In 2015, 11 teachers and school administrators from the Atlantic Public Schools (APS) district were convicted of racketeering and other crimes connected to a standardized test cheating scandal. All were sentenced to a combination of prison, fines, probation, and community service. Prison terms ranged from 6 months to 20 years. According to prosecutors, APS superintendent Beverly Hall encouraged a corrupt testing system that financially rewarded teachers whose students achieved high test scores and punished teachers with low test scores. While this is hardly the first instance of school cheating scandals in the United States, it drew national attention because of the scale and extent of the cheating. Investigators were given extensive power by Georgia governors to scrutinize and subpoena as they saw fit.
According to the indictment, “If a school achieved 70% or more of its targets, all employees of the school received a bonus. Additionally, if certain system-wide targets were achieved, Beverly Hall herself received a substantial bonus.” The indictment continued, “When principals and teachers could not reach their targets, their performance was criticized, their jobs were threatened and some were terminated. Over time, the unreasonable pressure to meet annual APS targets led some employees to cheat on the [Criterion Referenced Competency Test].” Teachers and administrators changed, fabricated, and falsely certified test answer sheets in order to meet targeted goals for improvement of their students’ test scores.

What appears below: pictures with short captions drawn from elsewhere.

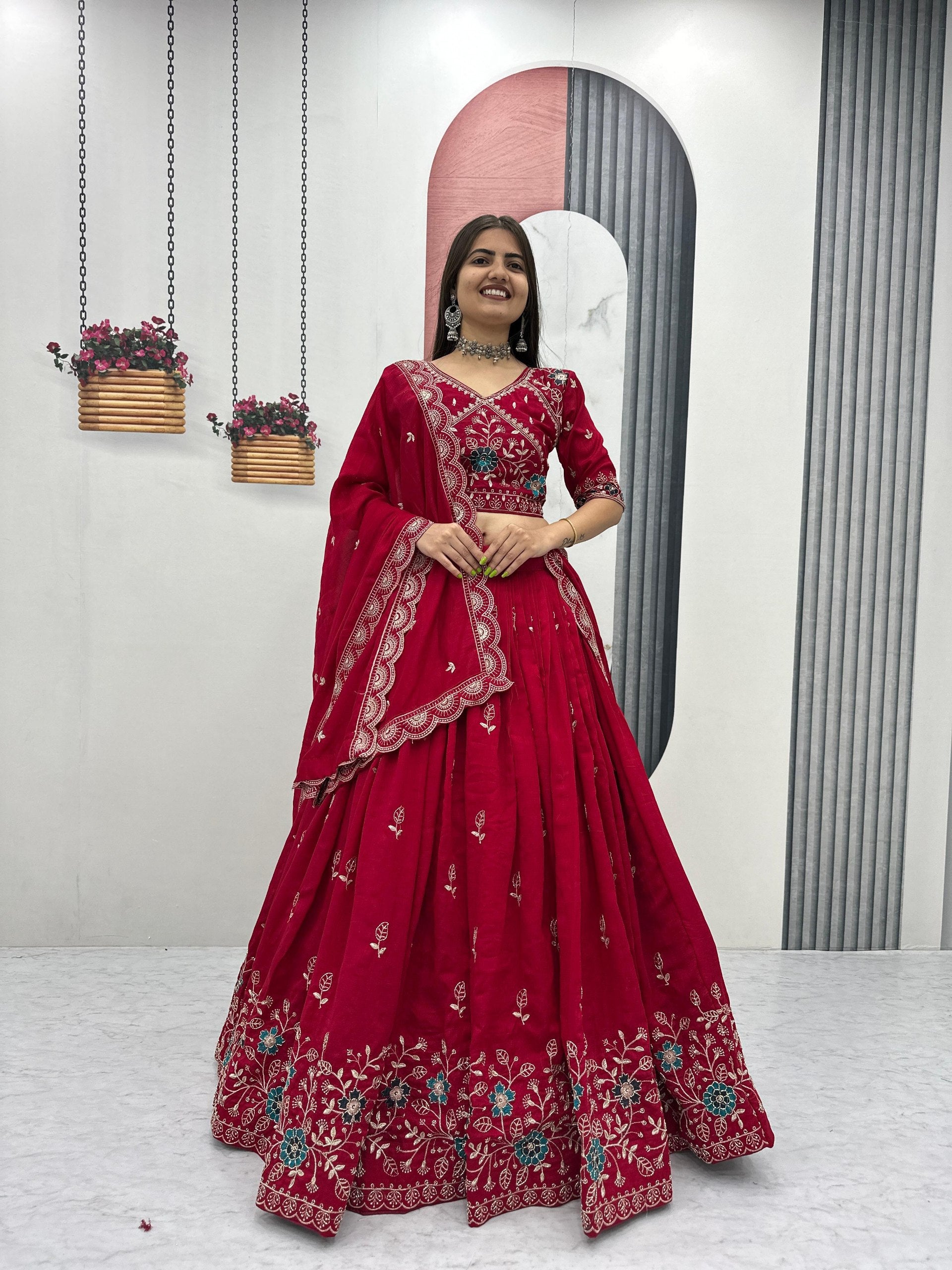 Heavy Embroidered Pure Blooming Vichitra Silk Lehenga Choli Set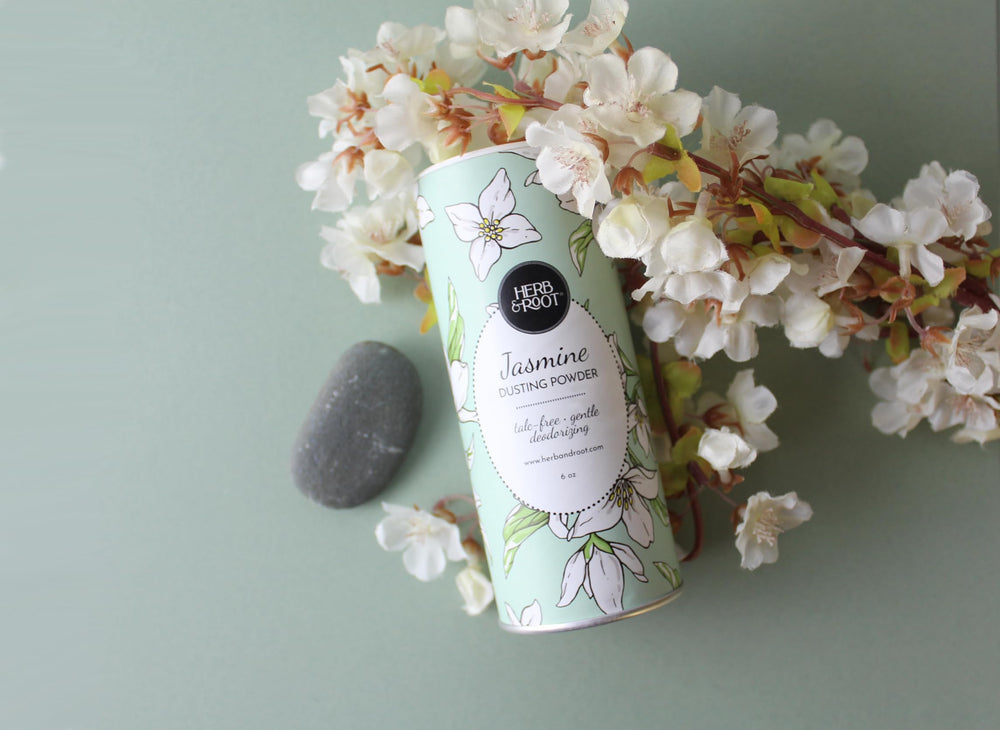 Herb & Root Lavender talc-free body powder bottle for calming aroma and refreshed skin.
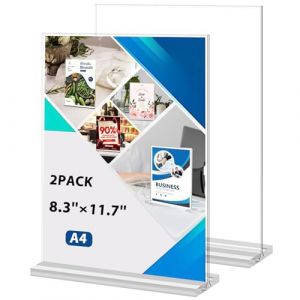Zorplex Lot de 2 Présentoirs Acryliques A4 sur Pied, Support de Menu, Porte-Menu Transparent T-Forme pour Prospectus, Publicités, Cartes de Menu et Photos (21 x 29,7 cm) (A4-2 Pack) (REMAKE HOPE LIMITED, neuf)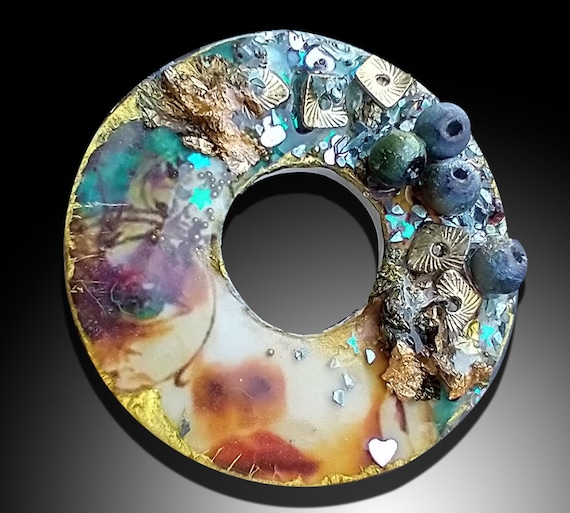 Polymer clay and mixed media pendant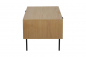Preview: Möbilia Couchtisch aus MDF mit Paulownia-Furnier, Front Rattan, Beine pulverbeschichtetes Metall , in der Farbe natur, Beine schwarz 28020005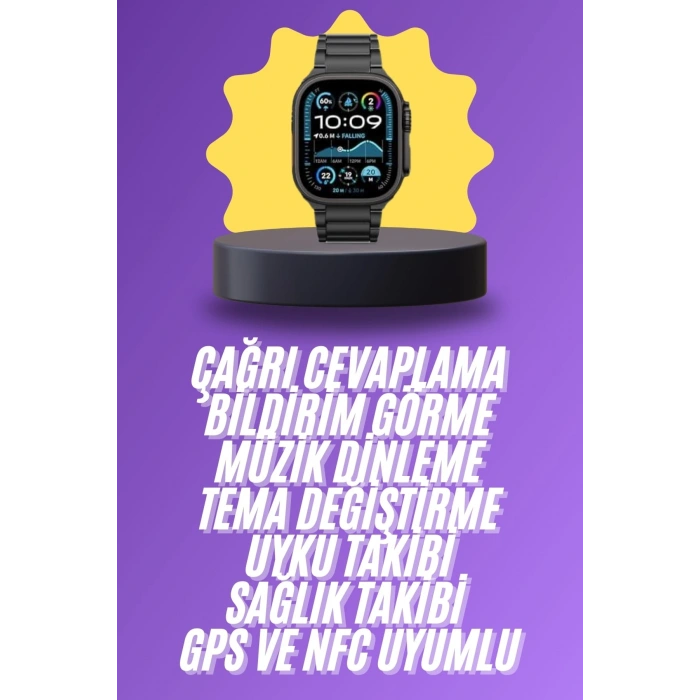 Ultra 3 Kordonlu Amoled Ekran Akıllı Saat Çok Fonksiyonlu Uyku ve Sağlık Takibi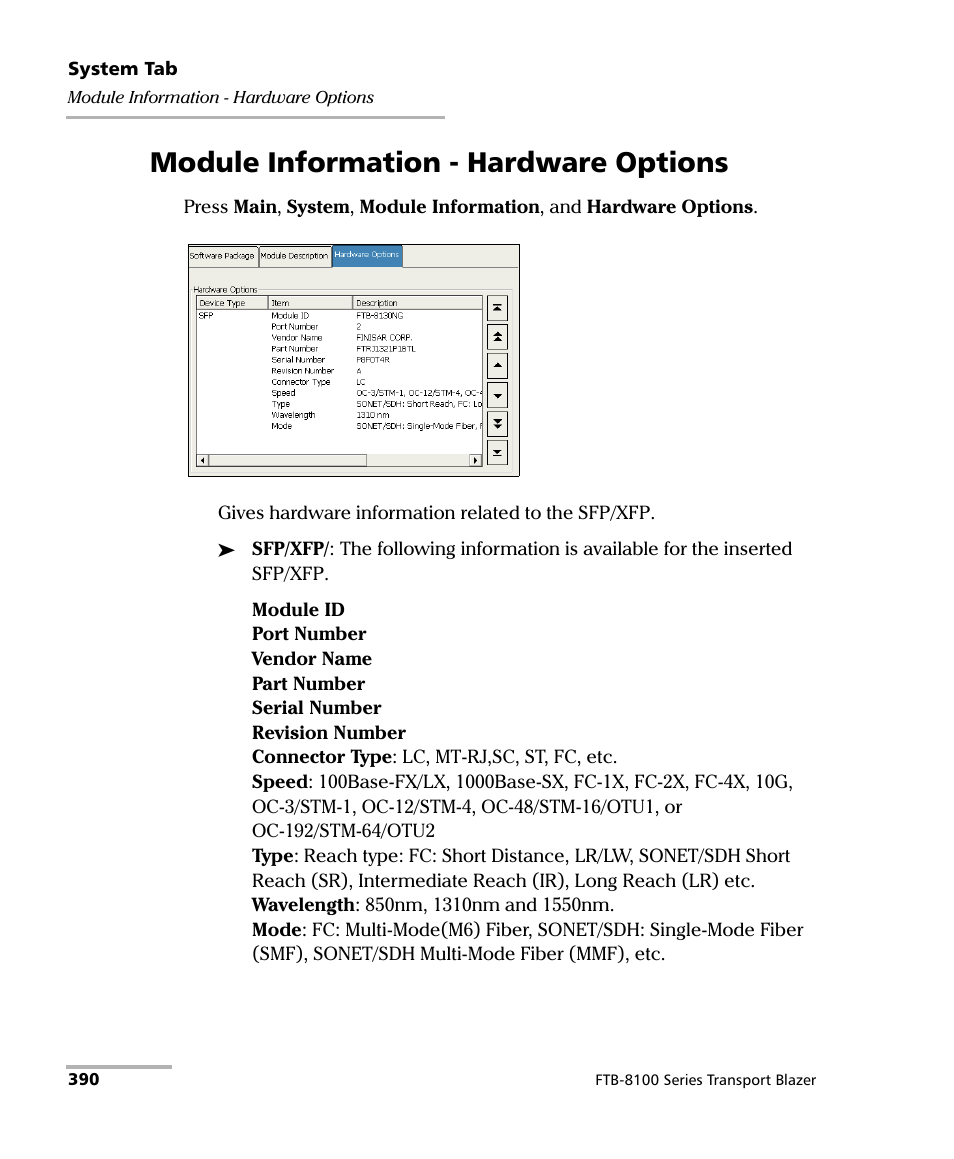 Module information - hardware options | EXFO FTB-8100 Series Transport Blazer for FTB-200 User Manual | Page 402 / 518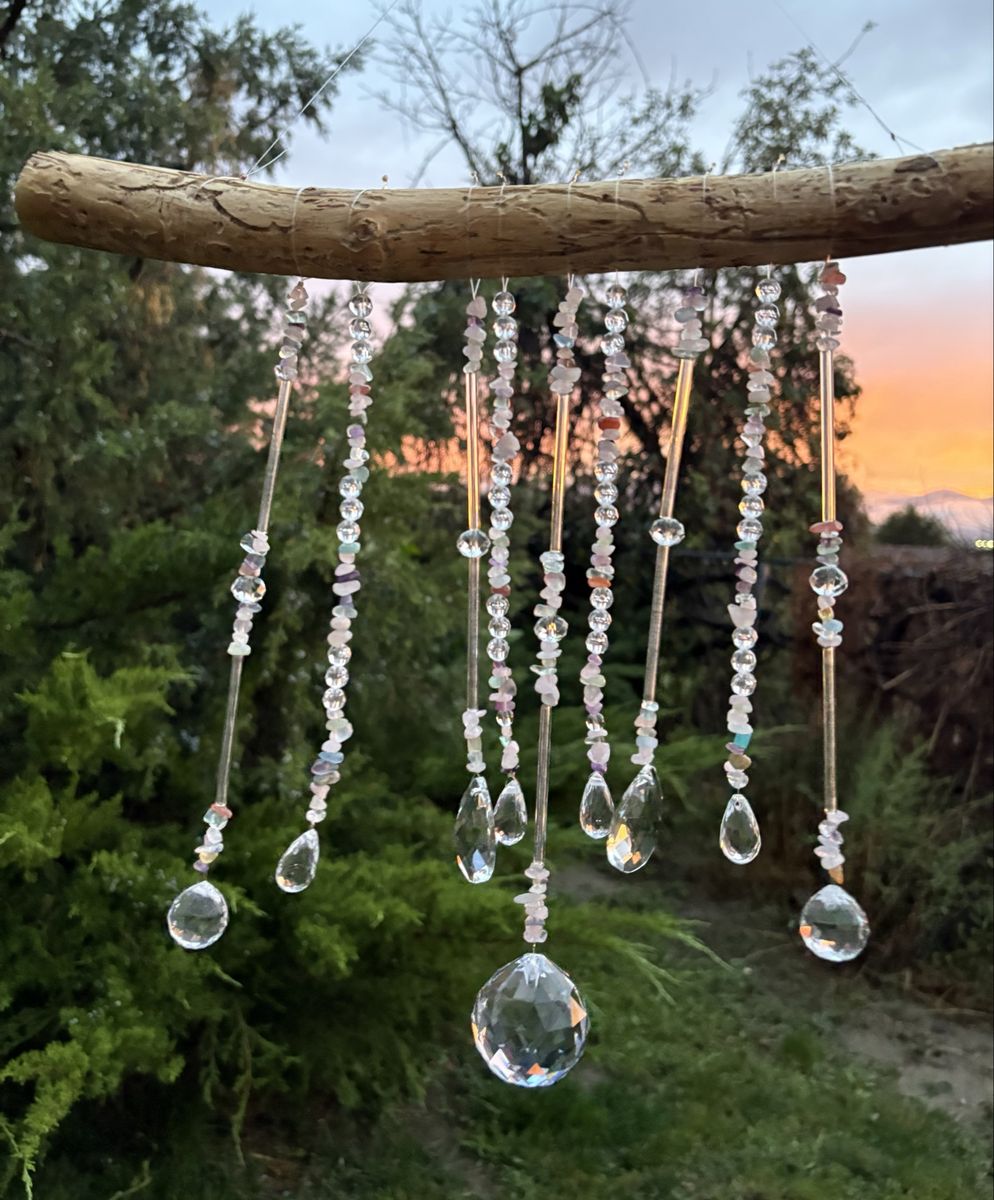 Handmade Crystal and Stone Branch Wind Chime Sun Catcher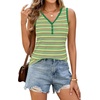MEROKEETY Womens Summer Tank Tops Striped V Neck Sleeveless Henley Shirts(Light Green)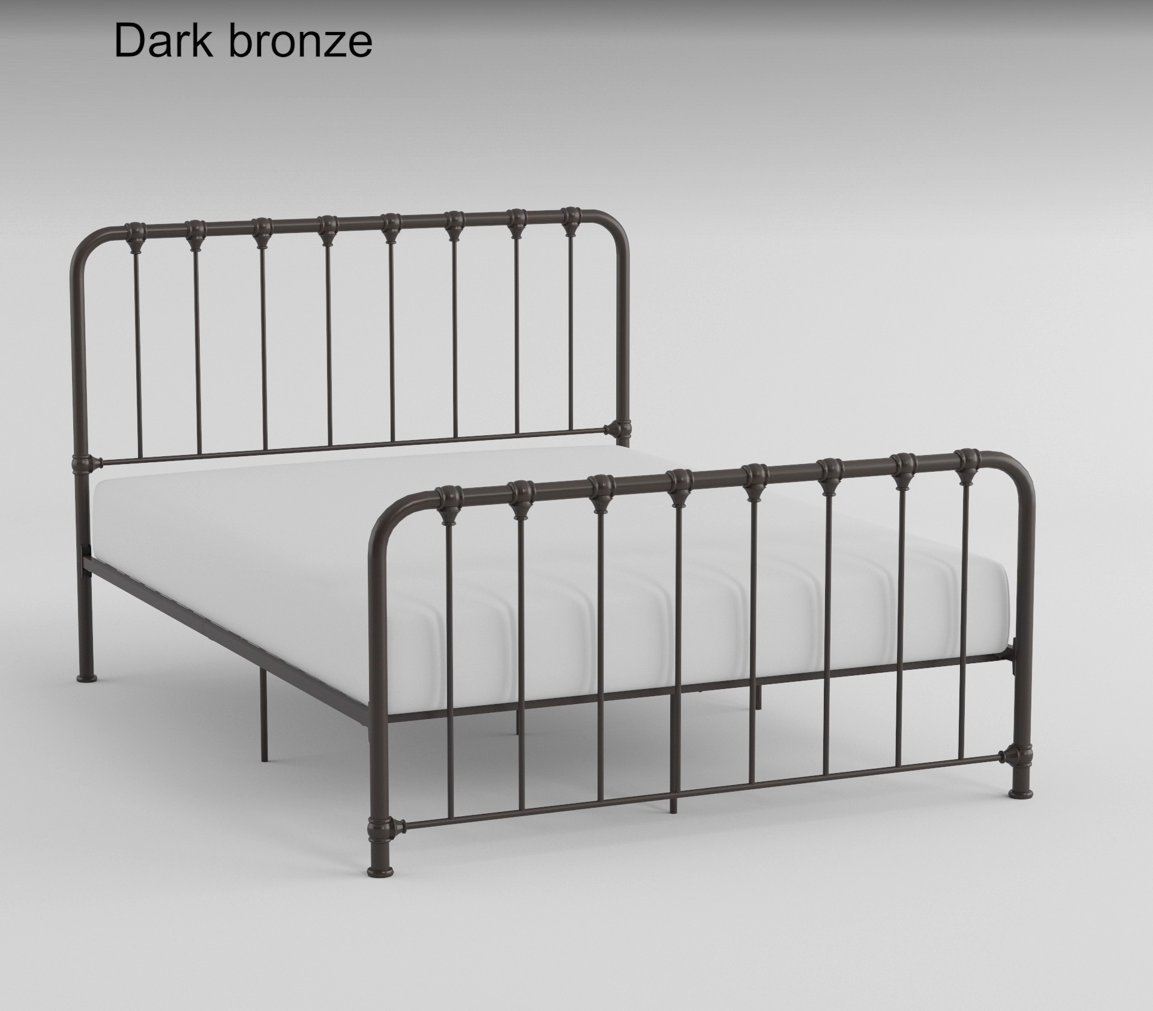 Metal Bed Dark Bronze Finish Twin Platform Bed 1pc, Bed in a Box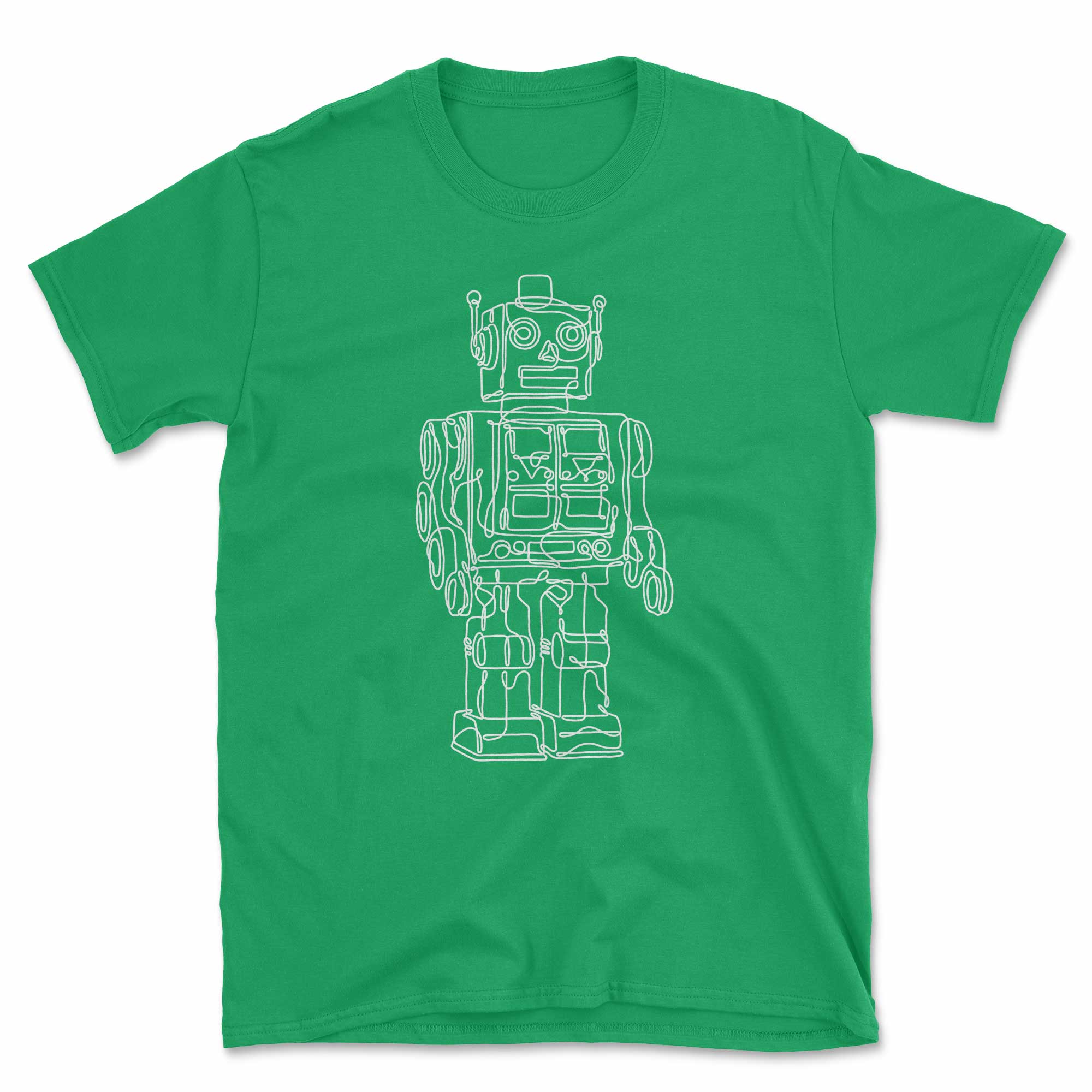 Vintage Robot Line Drawing T Shirt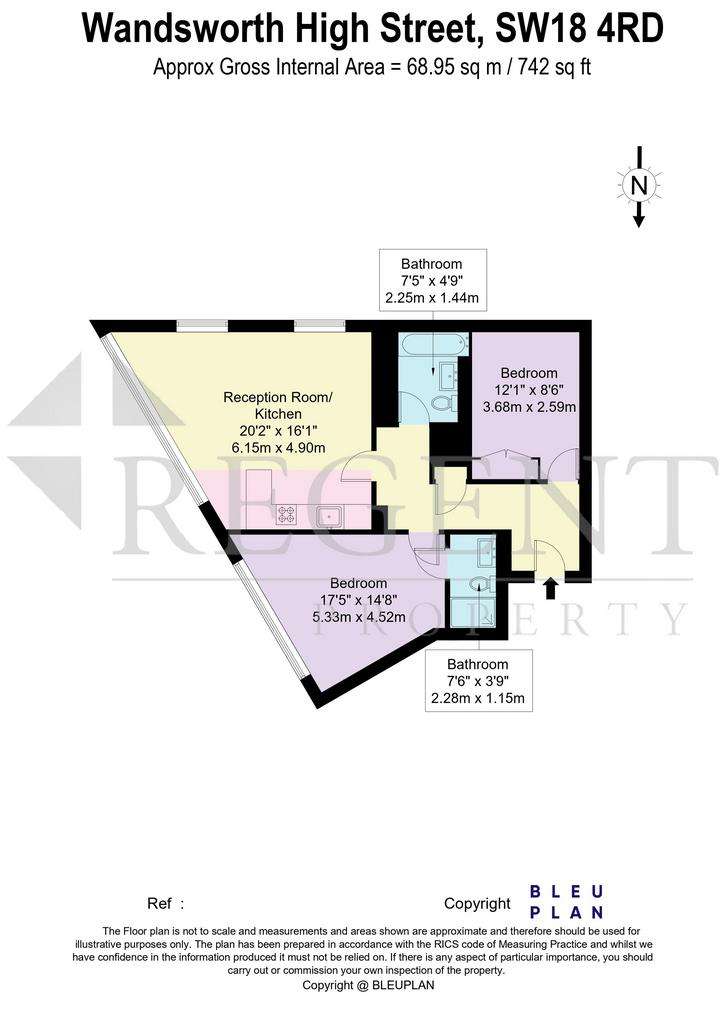 2 bedroom flat to rent - floorplan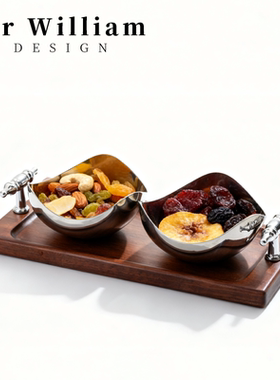 MR William 北欧轻奢胡桃木果盘家用分格水果盘托盘带把手零食碗
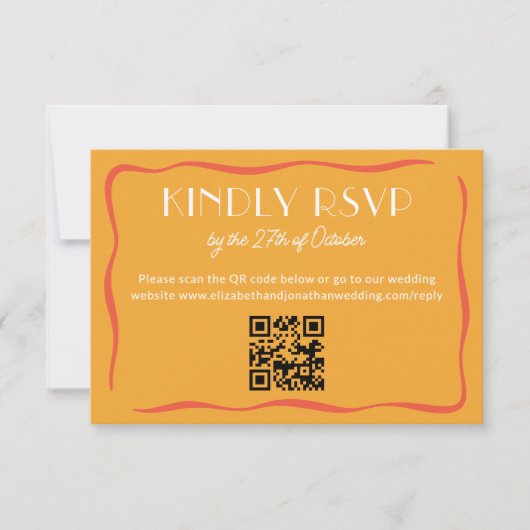 Modern Retro Bold Orange QR Code Wedding RSVP Card (Vorderseite)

A review by the state found that cheating took place at more than half of the district’s elementary and middle schools. Approximately 180 teachers were involved. While the main focus of the investigation was from 2005 to 2009, cheating was believed to date back to as early as 2001. This was the same year that No Child Left Behind was passed. The cheating scandal at APS brought into greater debate the effectiveness of standardized testing. As education writer Valerie Strauss noted, “How did [the APS cheating scandal] happen? No Child Left Behind, President George W. Bush’s chief education initiative, and then Race to the Top, President Obama’s central education program, placed increasingly high stakes on standardized test scores. They had to go up, or else there would be negative consequences not just for students but schools and teachers and principals.” These initiatives linked students’ test scores to teacher evaluations and pay.
Critics of the sentencing also pointed out the larger effects of inequality in Atlanta and its school system. Errin Whack, journalist and Vice President of Print for the National Association of Black Journalists, discussed the effects of inequality, “Ultimately, the two Atlantas must strike a new compromise to find solutions that don’t abandon or condemn parts of the city or its public schools. In perception and reality, the scales must be more balanced across metro Atlanta. Otherwise, children and teachers will continue to operate in an imbalanced system tasked with achieving impossible goals.”
Black students comprise more than 80 percent of the student population at six of the nine public high schools in Atlanta. White students are mostly concentrated in two high schools near the city’s highest concentration of college-educated adults. All 11 of the teachers and school administrators convicted are black. Brittney Cooper, professor of Women’s and Gender Studies and Africana Studies at Rutgers University, wrote in defense of the teachers, “Scapegoating Black teachers for failing in a system that is designed for Black children, in particular, not to succeed is the real corruption here… Black children have for generations been the primary victims of this continuing social mendacity about the national value of education.” In response to the sentencing, a mother in Atlanta stated, “Right now, it’s not going to touch white people, because this didn’t happen where they live.” She added, “The children got a sentence, too.”